The answer is in your opportunity costs. Opportunity costs are found in your practice’s potential for growth, but it hasn’t been acted on yet. Because it’s revenue growth that hasn’t been achieved, doctors don’t think of it as a genuine cost.
An easy example is the value of one case. If you take your collections for last year and divide it by the number of cases completed last year, you get an average “business value” for each case.
That average value bundles in all the little procedures and fees that happen routinely in the practice, but we don’t usually count as a “case”. For the sake of this example, let’s assume the average business value of one case is $1500.
Most coaching clients, when we begin with them, are routinely completing 3 to 5 cases per day. But when we do a patient flow timing and schedule analysis, we find that usually 30% or more of the doctor’s day is open time or under-utilized time. That’s a very real cost because time is money.

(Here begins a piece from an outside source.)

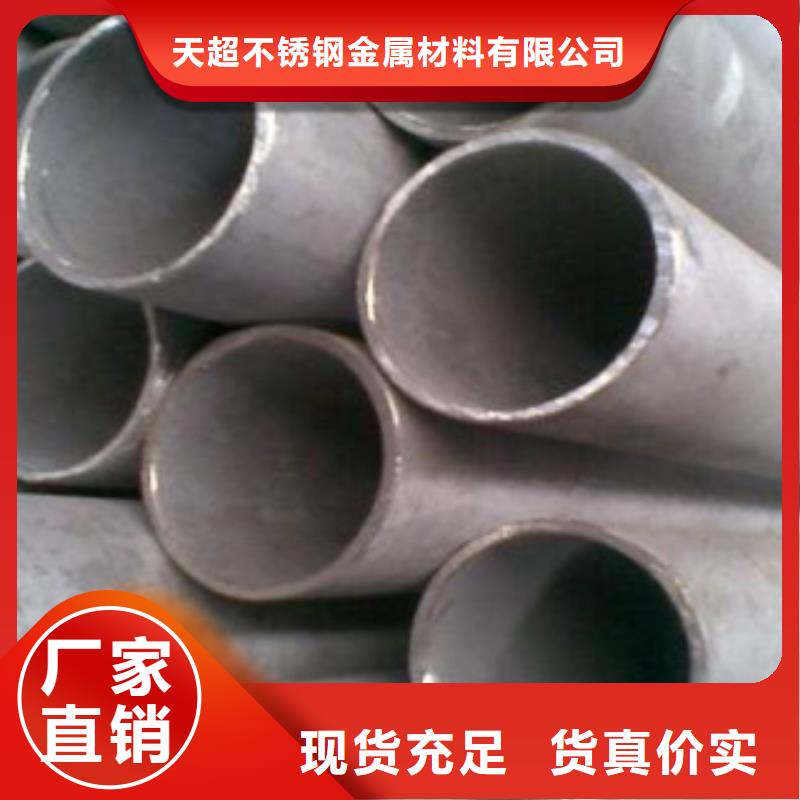 不锈钢管不锈钢圆钢专业厂家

That level of inefficiency in the schedule means every doctor could complete at least one or two more cases per day if they were scheduled properly, had the referrals coming in, and had their team optimized to support them.
One case a day for 180 days per year works out to $270,000 more revenues. Two cases per day yields $540,000 in revenue growth. Almost all those revenues flow to the bottom line as increased profit.
Start thinking about your opportunity costs as hard costs, like money you are leaving on the table and walking away from. That’s where your attention and focus should be. Bringing in that money vastly outstrips any other avenue of business savings.